Write out the listing from the line with "В День защиты" to the line with "6015 NW Michaelbrook Ln, Camas, WA 98607", both lines included, exactly and nothing beyond. Leave pictures out.

Data extracts =

◆ ◆ ◆ ◆ ◆

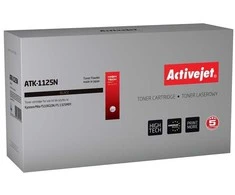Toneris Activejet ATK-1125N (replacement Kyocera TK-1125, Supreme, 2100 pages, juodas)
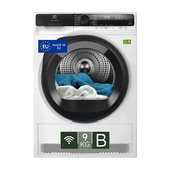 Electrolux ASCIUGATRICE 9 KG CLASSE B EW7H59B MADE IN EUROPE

◆ ◆ ◆ ◆ ◆

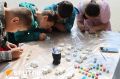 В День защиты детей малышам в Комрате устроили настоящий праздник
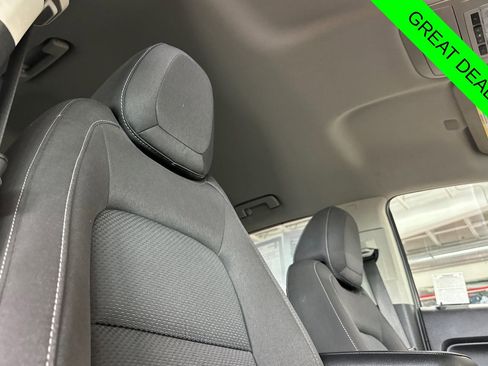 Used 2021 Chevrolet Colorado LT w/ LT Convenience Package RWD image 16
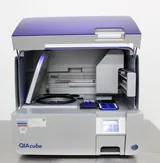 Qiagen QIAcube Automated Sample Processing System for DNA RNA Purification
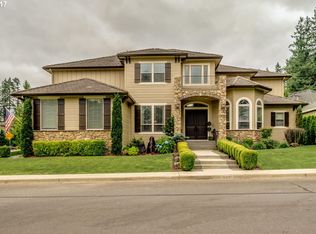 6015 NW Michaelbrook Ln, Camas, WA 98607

◆ ◆ ◆ ◆ ◆

Response to the task =
 В День защиты детей малышам в Комрате устроили настоящий праздник
 Used 2021 Chevrolet Colorado LT w/ LT Convenience Package RWD image 16
 Qiagen QIAcube Automated Sample Processing System for DNA RNA Purification
 6015 NW Michaelbrook Ln, Camas, WA 98607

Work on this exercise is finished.